## Provided information
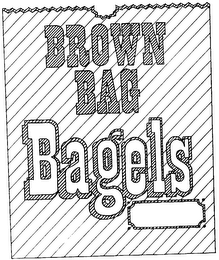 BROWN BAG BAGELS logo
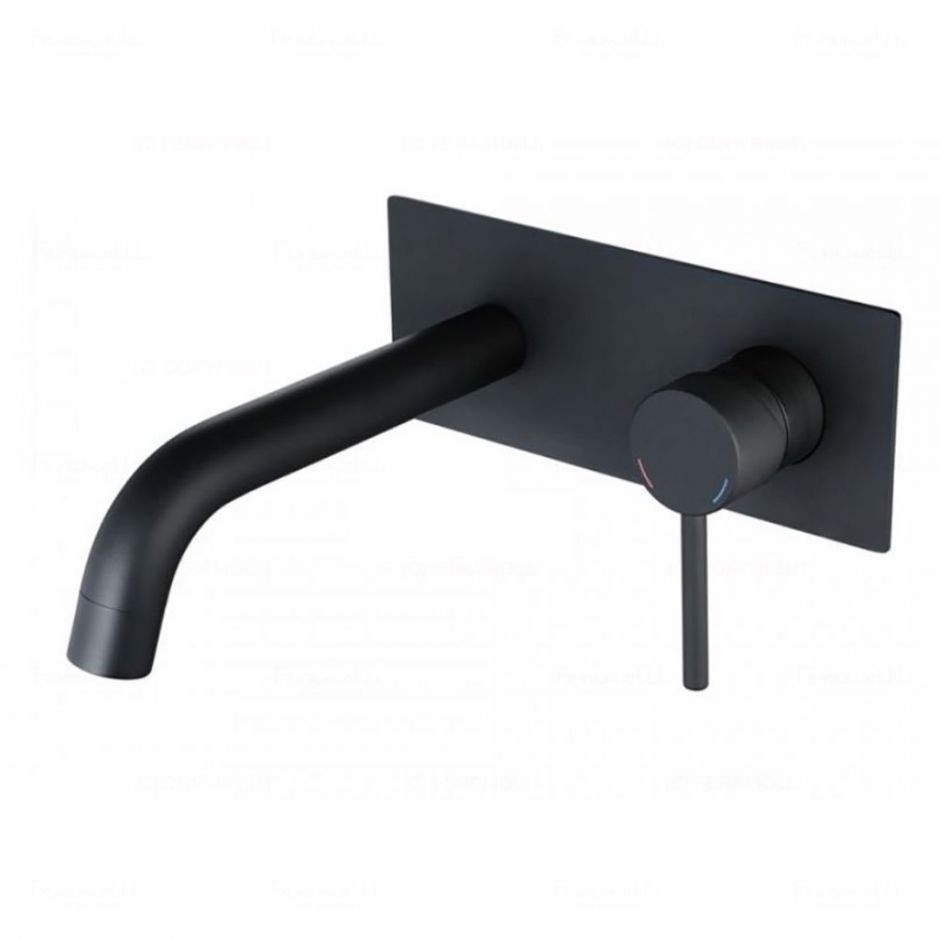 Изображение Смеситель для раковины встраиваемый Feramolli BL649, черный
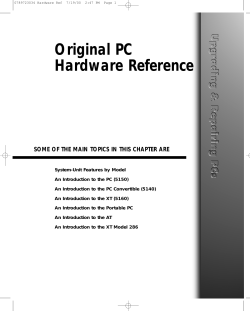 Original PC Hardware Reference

* * *

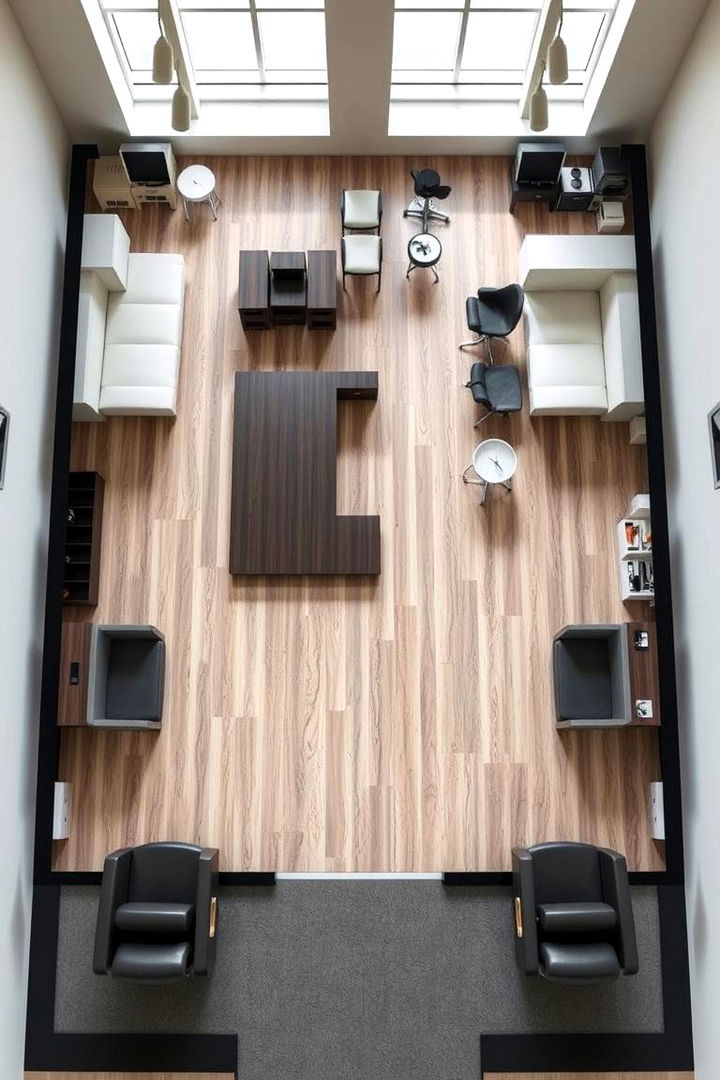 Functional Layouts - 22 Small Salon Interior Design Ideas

## Problem to work on
Give again, exactly as written above, each line from the one that has "BROWN BAG BAGELS logo" to the one that has "Original PC Hardware Reference", both included; omit the pictures.

## Expected answer
 BROWN BAG BAGELS logo
 Изображение Смеситель для раковины встраиваемый Feramolli BL649, черный
 Original PC Hardware Reference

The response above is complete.